*WHAT YOU ARE ASKED TO DO*
Transcribe exactly the lines from the one containing "Camiseta curta da" through the end of the data, both included. Leave out pictures.

*EXCERPTED RECORDS*
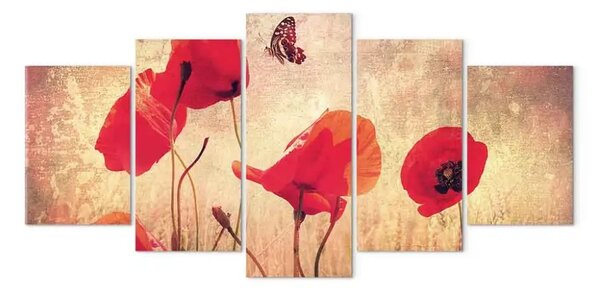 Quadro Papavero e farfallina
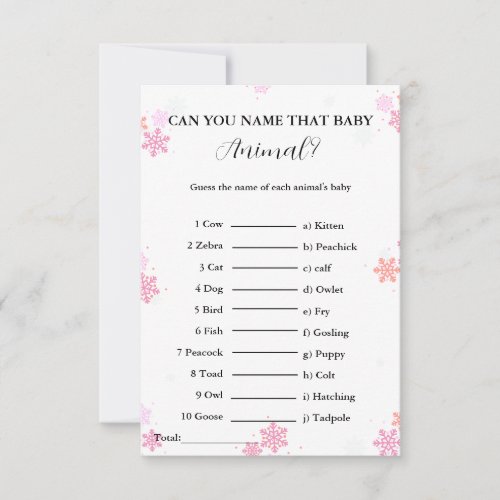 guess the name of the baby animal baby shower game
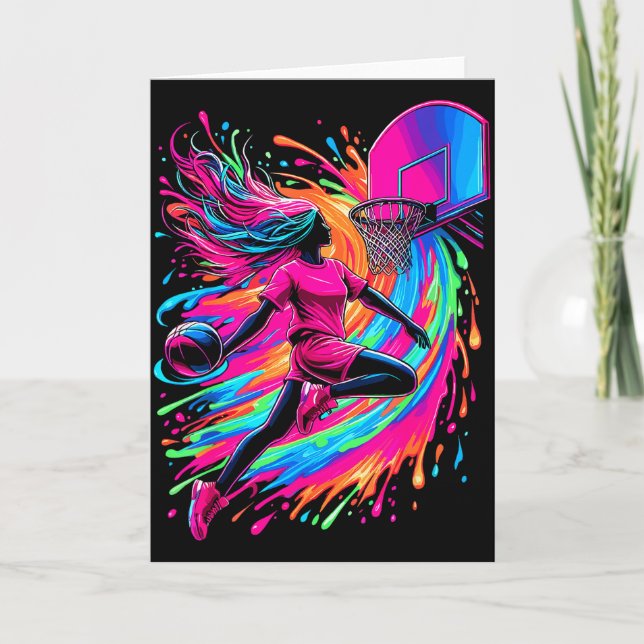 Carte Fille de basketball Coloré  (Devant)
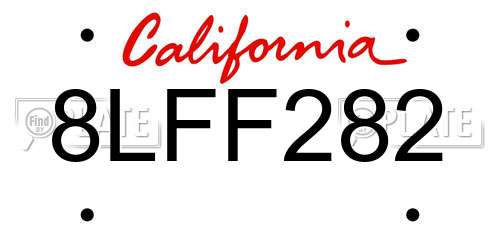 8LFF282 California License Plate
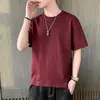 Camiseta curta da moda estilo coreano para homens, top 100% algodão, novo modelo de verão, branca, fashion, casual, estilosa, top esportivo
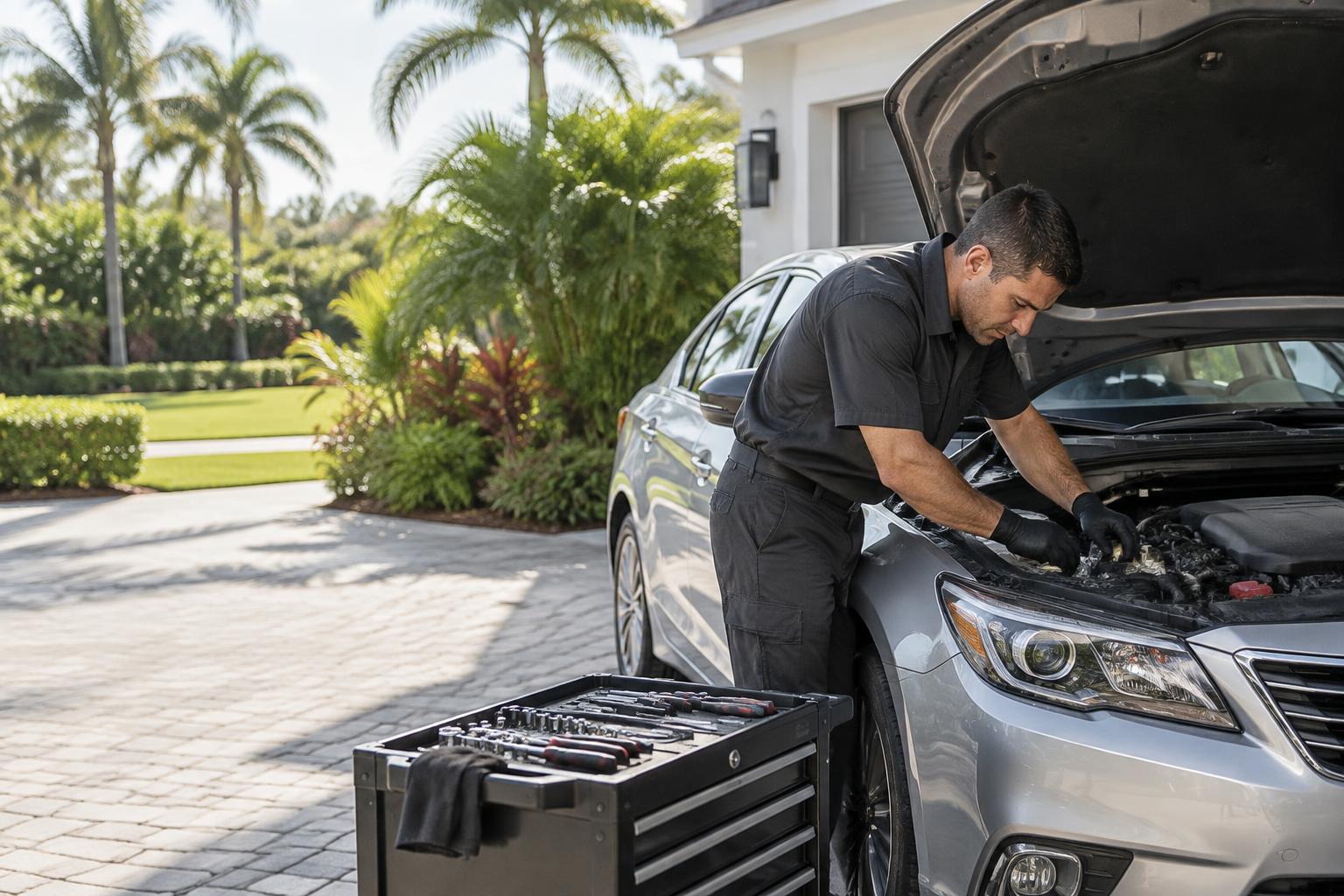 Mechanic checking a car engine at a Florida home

*SOLVED EXERCISE*
 Camiseta curta da moda estilo coreano para homens, top 100% algodão, novo modelo de verão, branca, fashion, casual, estilosa, top esportivo
 Mechanic checking a car engine at a Florida home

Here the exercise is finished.